Герцог переслал эти письма Иоанну Люксембургскому, который согласился продать свою пленницу за предложенную сумму. Бедфорд должен был созвать штаты Нормандии и назначить особый налог, чтобы собрать нужную сумму. Наконец, 20 сентября деньги за Жанну были внесены, и она освободилась из плена.

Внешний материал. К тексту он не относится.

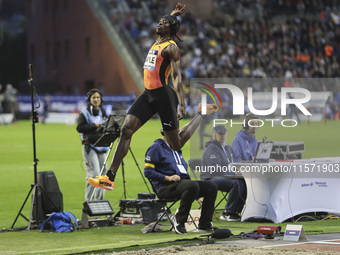 Tajay Gayle of Jamaica competes in Men's Long Jump during the Wanda Diamond League 2024 final event, an athletics meeting. The Jamaican long...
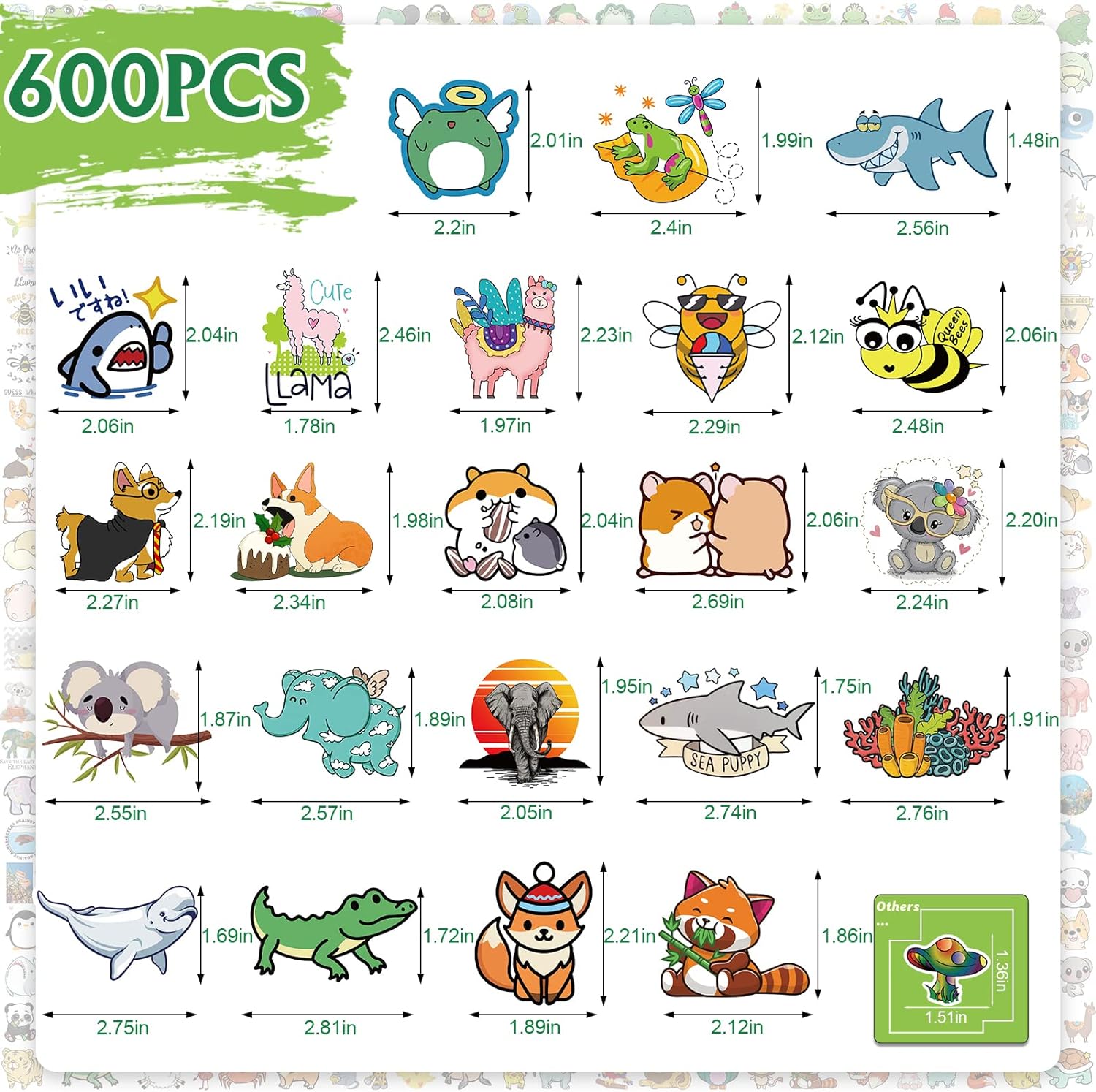 600 PCS Cute Animal Stickers Pack，Arme Vinyl Stickers，Large Colorful Waterproof Stickers for Water Bottles,Skateboards and Notebooks, Laptop Stickers for Teens Girls and Boys Kids Adults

Во время всех этих проволочек Карл VII, к своему вечному стыду, не сделал ничего, чтобы спасти женщину, которой он был обязан короной. В течение долгого дела, возникшего после этого, он даже не просил Евгения IV или Базельский собор перенести дело на их суд, между тем как в столь серьезном деле было бы трудно отказать ему. Несомненно, последние услуги Жанны не были столь блестящи, как первые; быть может, Карл признал, что она была только простая женщина; быть может, также он успокоил свою совесть тем, что если Жанна была действительно посланницей Бога, то можно было положиться на Бога, который выведет ее из этого испытания. Кроме того, партия мира при дворе, имевшая во главе своей любимца короля Ла Тремуйля, отнюдь не желала, чтобы героиня получила свободу, и слабый и себялюбивый монарх предоставил Жанну ее судьбе, как двадцать лет спустя он бросил Жака Кер.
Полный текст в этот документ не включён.